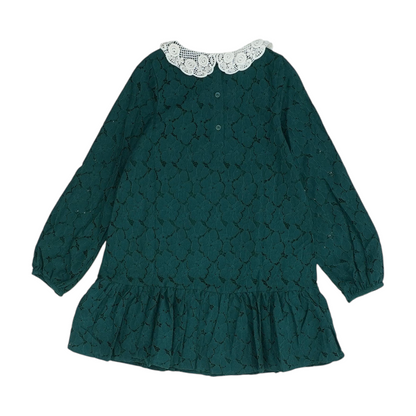 Green Floral Dress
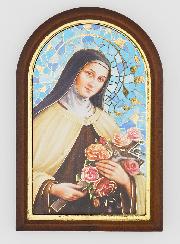 Icona da Appoggio Santa Rita - 10 cm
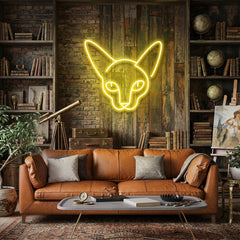 Kitty Led Neon Sign Light
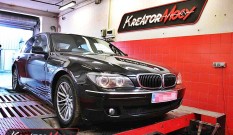 BMW E65 730d 211 KM – podniesienie mocy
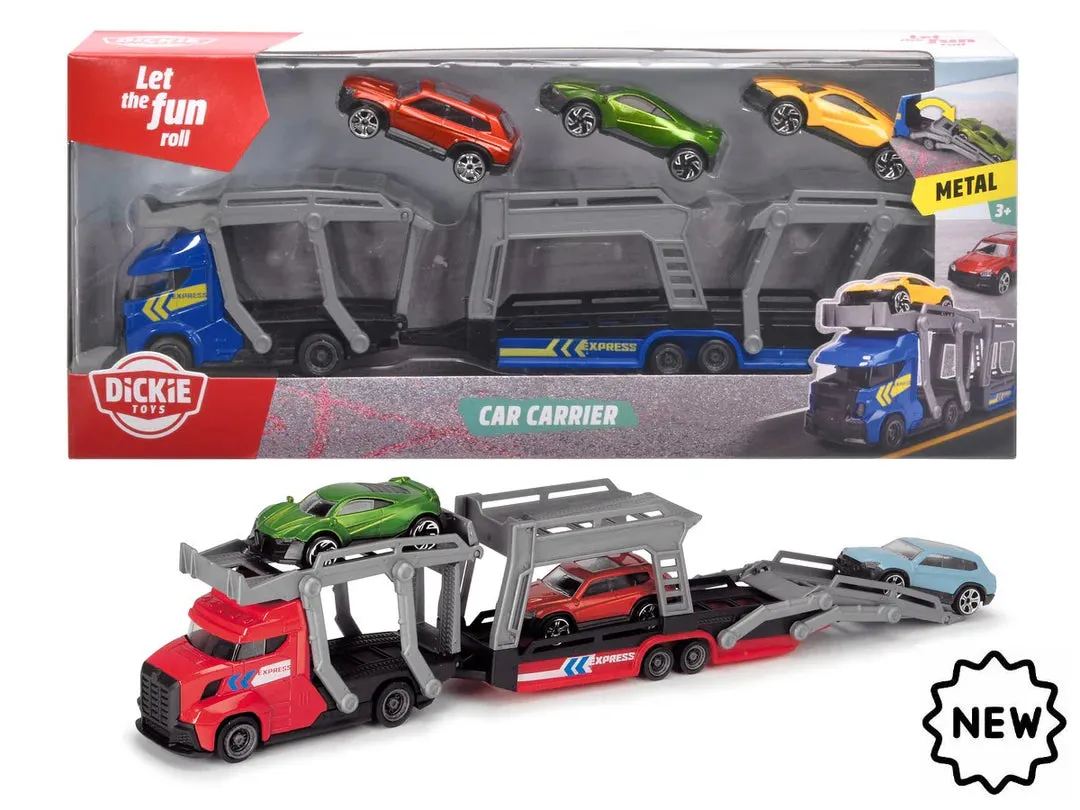 Dickies Autotransporter mit Autos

● **Assignment**
Exactly as written, restate the lines from the one that contains "Icona da Appoggio Santa Rita - 10 cm" through the final line of the data, both ends included, but leave out the pictures.

● **Your response**
 Icona da Appoggio Santa Rita - 10 cm
 Kitty Led Neon Sign Light
 BMW E65 730d 211 KM – podniesienie mocy
 Dickies Autotransporter mit Autos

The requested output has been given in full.